## EXERCISE GOAL
In the data that follows, count each line with the string "Personalized"; the reply is the number only.

## DATA UNDER STUDY
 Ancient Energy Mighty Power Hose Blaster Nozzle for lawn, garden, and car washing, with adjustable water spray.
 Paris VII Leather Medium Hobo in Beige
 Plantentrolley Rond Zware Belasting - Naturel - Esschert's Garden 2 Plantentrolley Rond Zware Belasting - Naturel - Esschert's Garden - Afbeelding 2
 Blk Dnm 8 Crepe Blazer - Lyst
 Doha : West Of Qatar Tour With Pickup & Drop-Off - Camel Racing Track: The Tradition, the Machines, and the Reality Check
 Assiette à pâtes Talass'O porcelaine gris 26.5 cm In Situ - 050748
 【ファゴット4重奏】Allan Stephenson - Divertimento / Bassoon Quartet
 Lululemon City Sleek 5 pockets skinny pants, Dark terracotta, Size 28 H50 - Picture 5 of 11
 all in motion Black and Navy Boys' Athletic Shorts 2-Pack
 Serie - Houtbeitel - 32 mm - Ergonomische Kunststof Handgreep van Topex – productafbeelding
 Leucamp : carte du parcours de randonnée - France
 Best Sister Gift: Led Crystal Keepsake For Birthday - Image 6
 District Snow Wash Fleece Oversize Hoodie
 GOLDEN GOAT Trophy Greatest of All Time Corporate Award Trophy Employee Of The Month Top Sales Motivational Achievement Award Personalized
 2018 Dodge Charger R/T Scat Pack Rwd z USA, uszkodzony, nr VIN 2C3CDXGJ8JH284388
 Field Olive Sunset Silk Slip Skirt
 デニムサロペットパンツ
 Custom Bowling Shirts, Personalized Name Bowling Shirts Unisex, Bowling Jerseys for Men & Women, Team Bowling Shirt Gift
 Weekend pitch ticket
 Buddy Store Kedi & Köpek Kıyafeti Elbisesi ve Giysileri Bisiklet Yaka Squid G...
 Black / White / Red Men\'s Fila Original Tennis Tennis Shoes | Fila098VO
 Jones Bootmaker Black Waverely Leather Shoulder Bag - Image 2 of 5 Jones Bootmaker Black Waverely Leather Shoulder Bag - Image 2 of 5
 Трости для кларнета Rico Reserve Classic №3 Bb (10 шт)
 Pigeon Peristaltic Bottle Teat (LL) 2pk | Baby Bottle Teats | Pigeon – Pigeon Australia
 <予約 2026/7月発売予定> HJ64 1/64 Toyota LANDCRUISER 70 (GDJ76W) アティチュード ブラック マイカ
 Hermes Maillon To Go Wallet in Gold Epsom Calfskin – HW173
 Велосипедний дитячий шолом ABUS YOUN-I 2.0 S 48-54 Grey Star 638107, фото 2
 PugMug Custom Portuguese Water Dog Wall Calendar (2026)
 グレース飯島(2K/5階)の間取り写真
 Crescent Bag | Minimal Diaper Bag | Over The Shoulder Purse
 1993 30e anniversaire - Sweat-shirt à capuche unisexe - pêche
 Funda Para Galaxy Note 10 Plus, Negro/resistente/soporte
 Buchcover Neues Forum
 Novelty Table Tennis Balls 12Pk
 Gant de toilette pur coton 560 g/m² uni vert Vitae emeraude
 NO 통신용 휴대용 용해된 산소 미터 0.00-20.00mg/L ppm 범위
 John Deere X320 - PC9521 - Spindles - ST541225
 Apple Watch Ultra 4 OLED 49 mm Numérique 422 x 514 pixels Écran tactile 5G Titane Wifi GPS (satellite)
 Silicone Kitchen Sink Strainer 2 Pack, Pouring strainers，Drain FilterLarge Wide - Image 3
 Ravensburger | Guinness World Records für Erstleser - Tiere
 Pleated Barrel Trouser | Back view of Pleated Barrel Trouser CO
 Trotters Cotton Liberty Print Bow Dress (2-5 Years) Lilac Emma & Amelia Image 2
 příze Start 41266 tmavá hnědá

## ANSWER BOX
2